I'll fix this anyway since I'll be submitting a new revision.

Thanks.

^ permalink raw reply

* Re: [PATCH net-next 5/7] net: phy: marvell10g: Force reading of 2.5/5G PMA extended abilities
From: Russell King - ARM Linux admin @ 2019-02-07 23:37 UTC (permalink / raw)
  To: Maxime Chevallier
  Cc: Andrew Lunn, davem, netdev, linux-kernel, Florian Fainelli,
	Heiner Kallweit, linux-arm-kernel, Antoine Tenart,
	thomas.petazzoni, gregory.clement, miquel.raynal, nadavh, stefanc,
	mw
In-Reply-To: <20190128152621.2aec96c1@bootlin.com>

On Mon, Jan 28, 2019 at 03:26:21PM +0100, Maxime Chevallier wrote:
> Hello Russell,
> 
> On Mon, 21 Jan 2019 13:00:30 +0000
> Russell King - ARM Linux admin <linux@armlinux.org.uk> wrote:
> 
> >On Mon, Jan 21, 2019 at 01:29:45PM +0100, Maxime Chevallier wrote:
> >> Hello Russell,
> >> 
> >> On Mon, 21 Jan 2019 10:52:06 +0000
> >> Russell King - ARM Linux admin <linux@armlinux.org.uk> wrote:  
> >> >It's entirely possible that the 3310 switches to different hardware
> >> >blocks for 2.5G and 5G speeds, and reading _just_ the 1.4 register
> >> >is not sufficient.  
> >> 
> >> I agree with you but in that particular case, I think we are reading
> >> from the correct device. The datasheet itself says that we should be
> >> reading 1.4 and 1.11 as we expect, with 2.5G/5G support being set (these
> >> registers are read-only, and the datasheet's values aren't what we
> >> actually read).  
> >
> >No, you missed what I was saying.
> >
> >The 88x3310 is a hybrid device.  It contains multiple instances of
> >each individual device at different offsets in each MMD address space.
> 
> Ah I see, I indeed thought you refered to the MMDs. 
> 
> [...]
> 
> >The exception seems to be the PMA/PMD MMD which I've only discovered
> >a single instance.
> 
> Yes there only seems to be one. There are some other registers in the
> 1.0xCxxx range, but those who are documented don't help a lot with
> determing wether or not these modes are supported.
> 
> I wonder if these values are correctly reported in newer PHY firmware
> revisions.
> 
> I've checked other PCS instances, but it seems the one at 3.0x0xxx is
> the one used in 2.5/5GBASET.

In the following, I use "subdevice N" to mean instance "N + 1".  So
the instance at address 0 is the main device and the following instance
is subdevice 1.

Looking at the PCS, none of them have the 2.5G/5G bits set in the 3310
which is rather interesting, except the one at 3.0 has the EEE bits
set in 3.21.  You are quite correct that the first instance is used
for 2.5G copper, but PCS subdevice 2 also changes as a result of
switching down to 2.5G (its transmit fault status clears.)

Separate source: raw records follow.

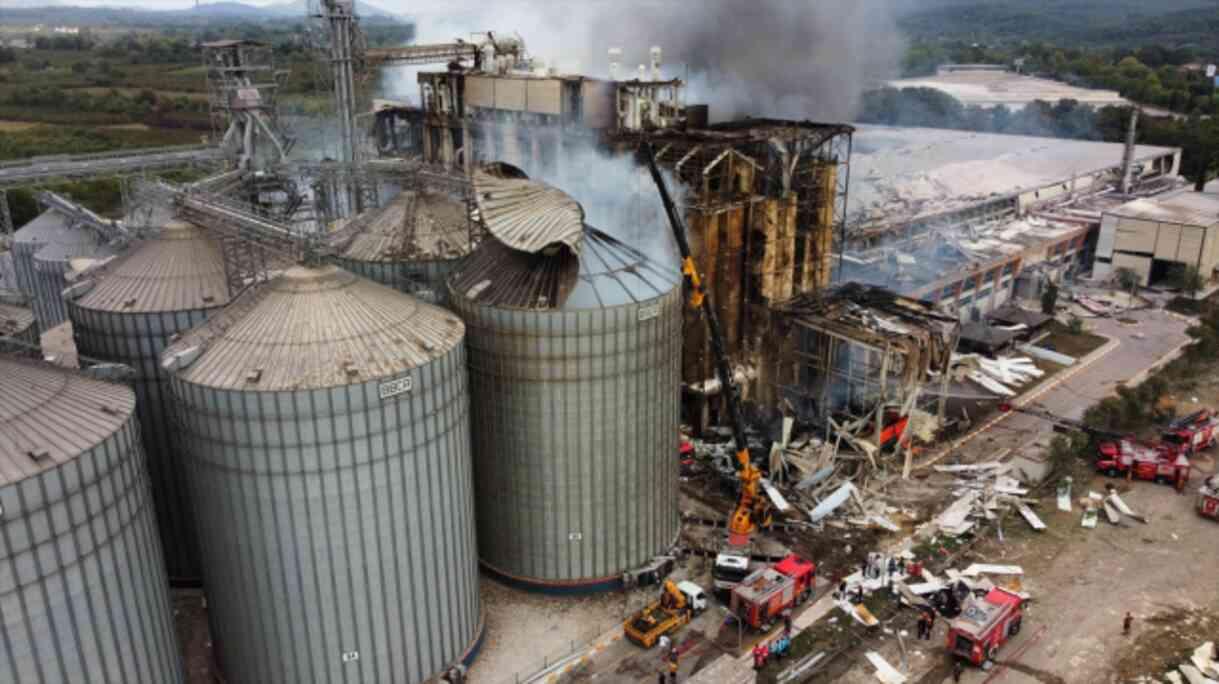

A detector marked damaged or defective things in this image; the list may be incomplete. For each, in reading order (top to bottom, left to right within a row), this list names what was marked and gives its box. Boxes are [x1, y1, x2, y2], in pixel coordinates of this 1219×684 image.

damaged metal silo [12, 210, 108, 330]
damaged metal silo [0, 356, 183, 680]
damaged metal silo [64, 219, 230, 584]
damaged metal silo [160, 264, 480, 680]
damaged metal silo [330, 187, 478, 304]
damaged metal silo [446, 170, 680, 588]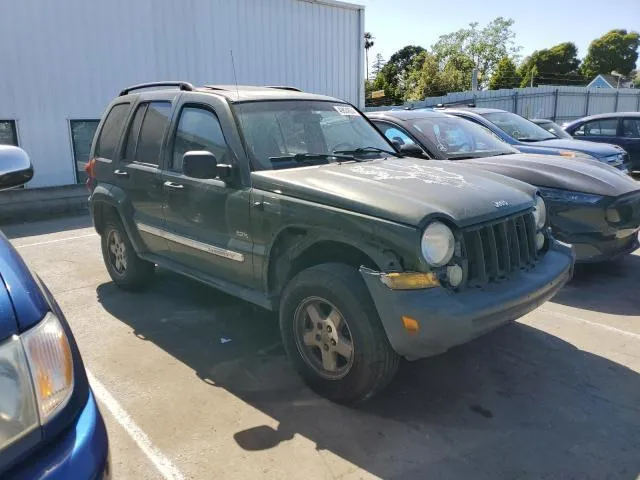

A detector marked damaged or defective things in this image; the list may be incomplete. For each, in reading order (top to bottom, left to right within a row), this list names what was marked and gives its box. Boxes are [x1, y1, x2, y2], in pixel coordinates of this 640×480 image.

cracked asphalt [5, 216, 640, 478]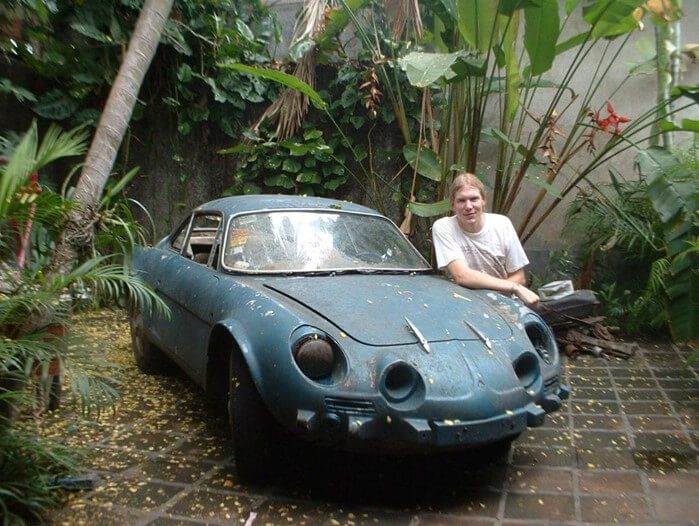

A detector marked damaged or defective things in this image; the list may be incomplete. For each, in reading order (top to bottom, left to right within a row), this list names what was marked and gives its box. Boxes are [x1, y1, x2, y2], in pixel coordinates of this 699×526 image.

rusty car hood [262, 274, 516, 348]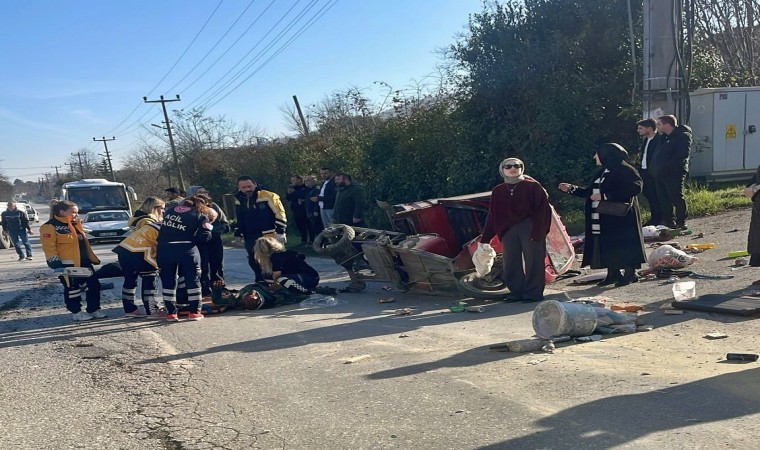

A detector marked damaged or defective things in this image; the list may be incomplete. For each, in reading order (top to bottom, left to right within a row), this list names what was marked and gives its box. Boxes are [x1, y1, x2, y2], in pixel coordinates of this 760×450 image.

overturned red vehicle [312, 191, 572, 298]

It looks like PhyXS subdevice 3 is used (which is a SGMII/1000base-X
MAC facing PHY), is switched to fixed speed mode.  It doesn't have
what looks like a sensible advertisement either, so my guess is that
this will need the MAC side to be configured _not_ to expect the
in-band control word in this mode.  In other words, it may be SGMII
or 1000base-X upclocked to 2.5G speeds - which it is doesn't matter
because the difference is in the control word which looks like it's
omitted, or if it isn't, doesn't contain useful information.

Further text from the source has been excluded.